Beginning with the line that holds "This comes in" and ending with the last line below, repeat each line exactly, leaving any pictures out.

• **Data below**
===
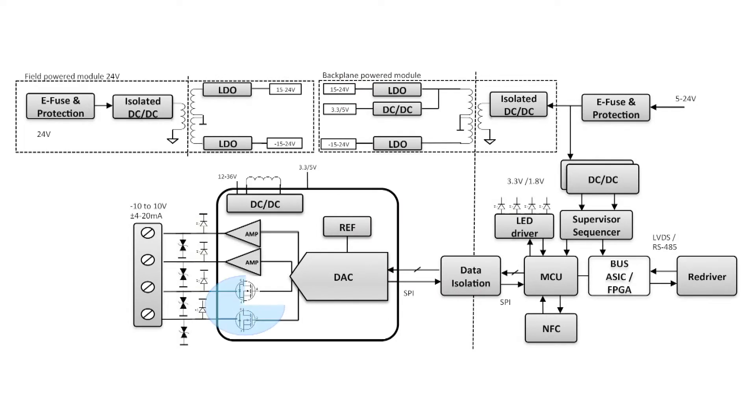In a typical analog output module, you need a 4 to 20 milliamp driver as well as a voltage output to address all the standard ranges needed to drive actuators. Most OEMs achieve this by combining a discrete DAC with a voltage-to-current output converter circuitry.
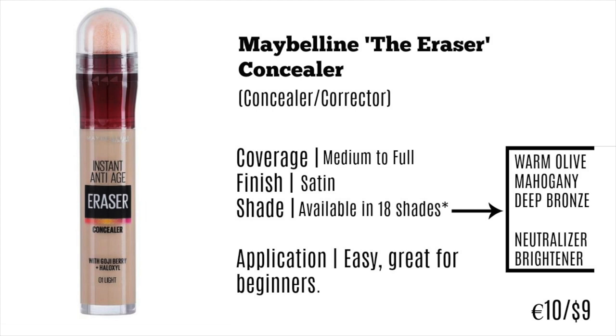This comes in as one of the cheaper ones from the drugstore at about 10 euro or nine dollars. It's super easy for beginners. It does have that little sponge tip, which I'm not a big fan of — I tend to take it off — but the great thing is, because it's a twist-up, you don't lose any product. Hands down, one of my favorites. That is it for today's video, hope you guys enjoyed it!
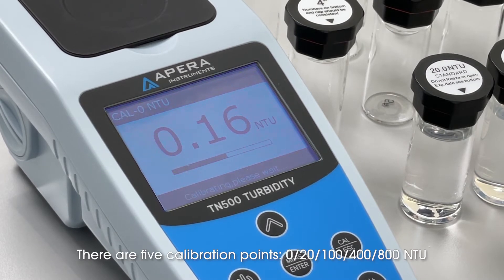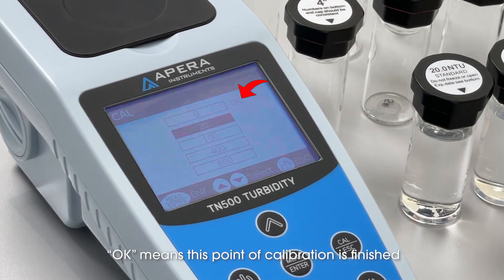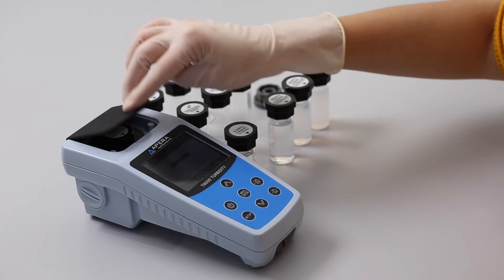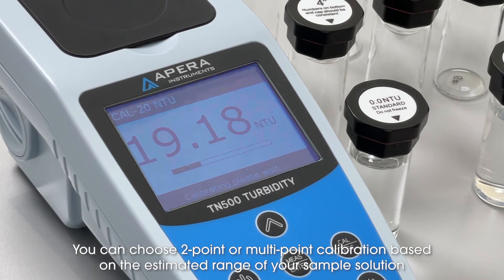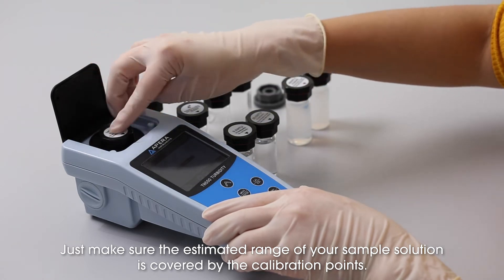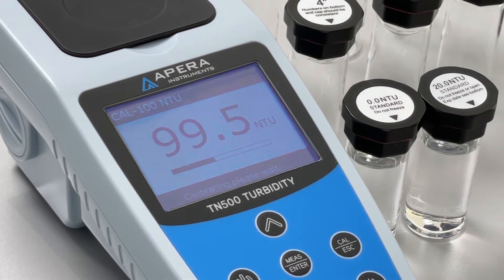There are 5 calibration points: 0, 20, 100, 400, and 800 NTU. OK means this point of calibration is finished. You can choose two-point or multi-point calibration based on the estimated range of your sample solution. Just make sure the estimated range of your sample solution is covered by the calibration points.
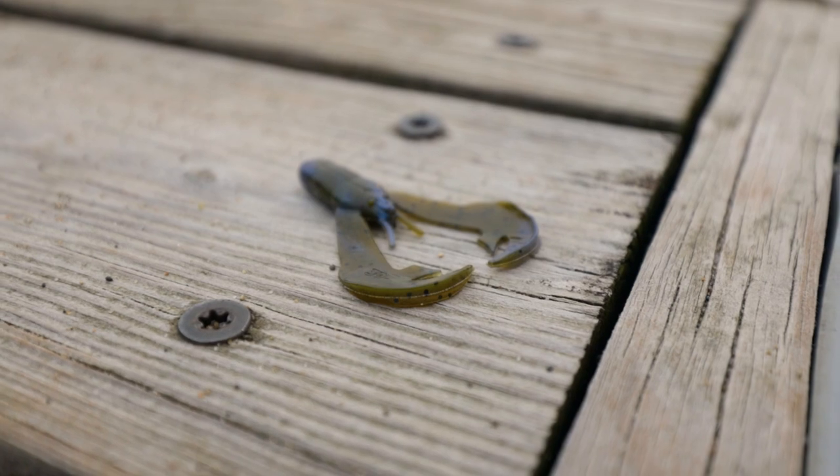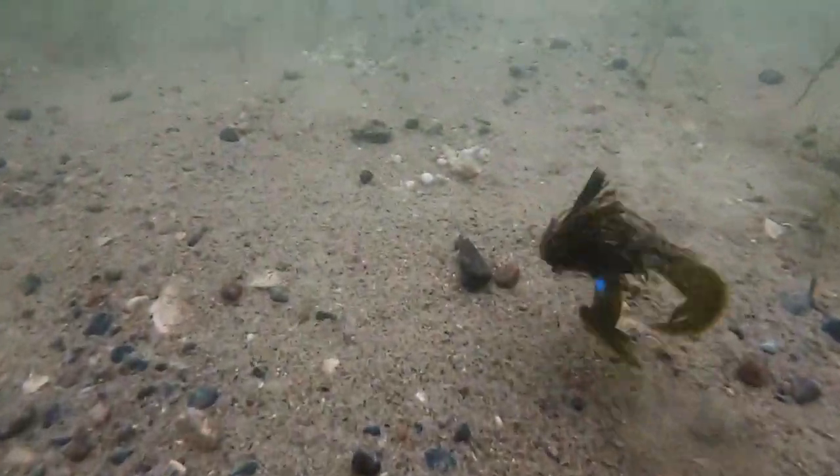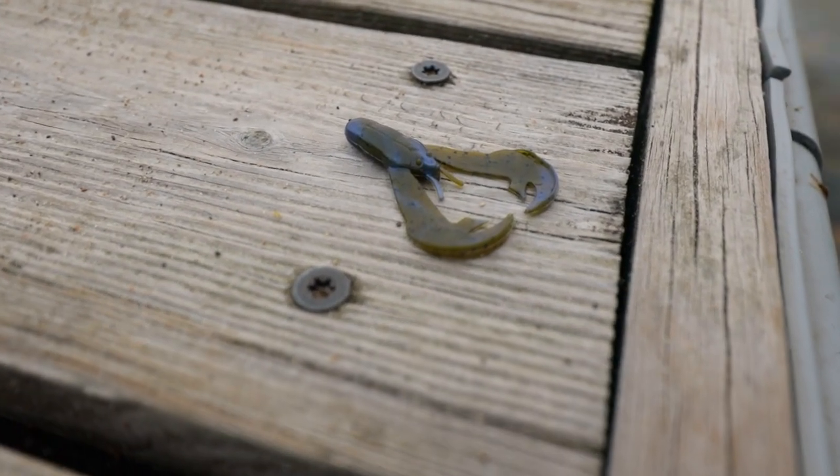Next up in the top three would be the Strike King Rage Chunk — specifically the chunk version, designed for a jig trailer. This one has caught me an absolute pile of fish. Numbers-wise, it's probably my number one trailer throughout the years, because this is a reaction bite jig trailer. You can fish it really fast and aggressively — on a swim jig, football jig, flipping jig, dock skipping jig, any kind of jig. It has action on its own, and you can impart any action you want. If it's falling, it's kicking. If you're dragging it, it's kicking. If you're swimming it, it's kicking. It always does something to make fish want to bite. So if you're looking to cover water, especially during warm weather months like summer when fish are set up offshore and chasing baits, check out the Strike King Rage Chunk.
===
• **Expected answer**
This comes in as one of the cheaper ones from the drugstore at about 10 euro or nine dollars. It's super easy for beginners. It does have that little sponge tip, which I'm not a big fan of — I tend to take it off — but the great thing is, because it's a twist-up, you don't lose any product. Hands down, one of my favorites. That is it for today's video, hope you guys enjoyed it!
There are 5 calibration points: 0, 20, 100, 400, and 800 NTU. OK means this point of calibration is finished. You can choose two-point or multi-point calibration based on the estimated range of your sample solution. Just make sure the estimated range of your sample solution is covered by the calibration points.
Next up in the top three would be the Strike King Rage Chunk — specifically the chunk version, designed for a jig trailer. This one has caught me an absolute pile of fish. Numbers-wise, it's probably my number one trailer throughout the years, because this is a reaction bite jig trailer. You can fish it really fast and aggressively — on a swim jig, football jig, flipping jig, dock skipping jig, any kind of jig. It has action on its own, and you can impart any action you want. If it's falling, it's kicking. If you're dragging it, it's kicking. If you're swimming it, it's kicking. It always does something to make fish want to bite. So if you're looking to cover water, especially during warm weather months like summer when fish are set up offshore and chasing baits, check out the Strike King Rage Chunk.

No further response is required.